CFTC stirs outrage over algo trading source code proposals

CFTC stirs outrage over algo trading source code proposals

The Commodity Futures Trading Commission (CFTC) has approved proposals that would give it easier access to algorithmic traders' source code.

A year ago the Commission unanimously approved a host of new rules designed to minimise the risks posed by automated trading and to give it the tools to deal with problems when they arise.

The plan included giving CFTC staffers the ability to see regulated firms' source code - something that they can only currently do with a subpoena.

The Commission is now voting on a new proposal that will requires just a majority vote of its three members to gain access to source code.

Says CFTC chairman Timothy Massad: "This is a significant departure from our standard practice, which allows staff to seek access to information that registrants are required to preserve without a subpoena or specific Commission authorisation."

Industry bodies are up in arms. The FIA, along with the FIA Principal Traders Group (FIA PTG), expressed grave concerns about the move, saying it would permit an unacceptable level of access to proprietary source code used to operate automated trading systems.

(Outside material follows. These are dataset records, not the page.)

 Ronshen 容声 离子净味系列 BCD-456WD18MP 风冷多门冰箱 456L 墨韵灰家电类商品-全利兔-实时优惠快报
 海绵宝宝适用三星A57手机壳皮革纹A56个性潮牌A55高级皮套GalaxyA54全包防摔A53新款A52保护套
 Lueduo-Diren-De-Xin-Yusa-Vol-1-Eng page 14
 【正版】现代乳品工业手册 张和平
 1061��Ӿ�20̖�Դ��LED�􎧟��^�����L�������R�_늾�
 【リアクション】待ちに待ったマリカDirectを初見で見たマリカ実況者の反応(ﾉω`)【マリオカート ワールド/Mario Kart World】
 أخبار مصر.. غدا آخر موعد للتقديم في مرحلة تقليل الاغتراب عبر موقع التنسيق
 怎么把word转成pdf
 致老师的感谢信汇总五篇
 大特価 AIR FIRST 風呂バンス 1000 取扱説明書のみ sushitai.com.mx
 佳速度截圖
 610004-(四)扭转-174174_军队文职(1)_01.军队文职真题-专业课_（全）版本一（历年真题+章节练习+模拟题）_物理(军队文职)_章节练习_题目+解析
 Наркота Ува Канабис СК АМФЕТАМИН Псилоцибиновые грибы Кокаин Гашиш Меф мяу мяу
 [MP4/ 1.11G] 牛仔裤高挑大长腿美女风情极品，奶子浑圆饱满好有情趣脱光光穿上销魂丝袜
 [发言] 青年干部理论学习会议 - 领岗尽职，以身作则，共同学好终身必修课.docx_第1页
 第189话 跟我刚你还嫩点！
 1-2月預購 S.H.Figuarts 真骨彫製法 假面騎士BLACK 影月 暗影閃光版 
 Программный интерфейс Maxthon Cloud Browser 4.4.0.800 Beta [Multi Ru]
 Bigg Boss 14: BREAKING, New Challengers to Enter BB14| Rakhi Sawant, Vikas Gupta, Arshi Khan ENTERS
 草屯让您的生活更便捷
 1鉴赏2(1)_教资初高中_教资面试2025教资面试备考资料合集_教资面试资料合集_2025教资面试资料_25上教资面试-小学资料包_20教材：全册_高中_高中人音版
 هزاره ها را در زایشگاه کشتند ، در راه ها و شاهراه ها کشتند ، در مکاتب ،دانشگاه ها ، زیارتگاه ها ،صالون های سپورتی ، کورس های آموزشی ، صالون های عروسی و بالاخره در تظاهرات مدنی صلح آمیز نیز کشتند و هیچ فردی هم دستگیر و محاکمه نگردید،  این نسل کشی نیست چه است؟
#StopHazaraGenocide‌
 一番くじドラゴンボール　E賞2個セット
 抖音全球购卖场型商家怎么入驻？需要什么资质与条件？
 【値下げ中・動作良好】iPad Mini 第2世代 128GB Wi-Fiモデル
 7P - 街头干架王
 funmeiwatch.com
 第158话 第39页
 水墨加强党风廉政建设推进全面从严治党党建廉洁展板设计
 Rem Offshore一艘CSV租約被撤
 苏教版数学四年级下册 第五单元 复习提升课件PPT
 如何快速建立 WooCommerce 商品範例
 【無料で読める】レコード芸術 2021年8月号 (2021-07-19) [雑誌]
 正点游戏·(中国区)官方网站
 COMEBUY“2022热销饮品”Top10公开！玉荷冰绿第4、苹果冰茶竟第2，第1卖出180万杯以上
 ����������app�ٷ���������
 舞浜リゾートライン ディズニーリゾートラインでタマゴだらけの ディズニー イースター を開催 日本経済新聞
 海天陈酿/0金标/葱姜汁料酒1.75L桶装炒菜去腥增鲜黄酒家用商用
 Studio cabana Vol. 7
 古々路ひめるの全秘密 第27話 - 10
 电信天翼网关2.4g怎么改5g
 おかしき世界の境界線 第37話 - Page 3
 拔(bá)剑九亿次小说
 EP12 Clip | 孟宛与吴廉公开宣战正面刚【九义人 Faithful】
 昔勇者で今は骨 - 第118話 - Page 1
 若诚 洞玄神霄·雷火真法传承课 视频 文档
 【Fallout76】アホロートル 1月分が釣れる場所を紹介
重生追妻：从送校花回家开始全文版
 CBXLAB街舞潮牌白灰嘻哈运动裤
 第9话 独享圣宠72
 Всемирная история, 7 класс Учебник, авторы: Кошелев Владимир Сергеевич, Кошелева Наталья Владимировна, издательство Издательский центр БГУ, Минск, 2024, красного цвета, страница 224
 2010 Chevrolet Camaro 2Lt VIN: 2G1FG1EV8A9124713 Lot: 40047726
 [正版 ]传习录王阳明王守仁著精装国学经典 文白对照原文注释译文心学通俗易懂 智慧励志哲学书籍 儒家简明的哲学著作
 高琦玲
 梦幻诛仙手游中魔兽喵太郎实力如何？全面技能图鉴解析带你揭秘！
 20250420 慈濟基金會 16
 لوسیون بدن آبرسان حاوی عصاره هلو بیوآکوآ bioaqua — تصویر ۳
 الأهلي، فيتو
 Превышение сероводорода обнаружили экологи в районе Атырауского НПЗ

“The CFTC’s regulation of automated trading must focus on safeguarding markets through appropriate risk controls," says Walt Lukken, president and CEO of FIA. "We share the CFTC's commitment to strengthening risk controls, and our members have actively supported improvements that market participants, intermediaries and exchanges can and should implement to prevent market disruption. We cannot support the proposed source code provision, however."

“We’re very disappointed that the Commission ignored the view expressed by a wide range of market participants as well as technology companies outside this industry that access to source code should require a subpoena,” Lukken added. “Source code deserves the same protections under the law as any other form of intellectual property. The proposed special call process simply does not meet that standard.”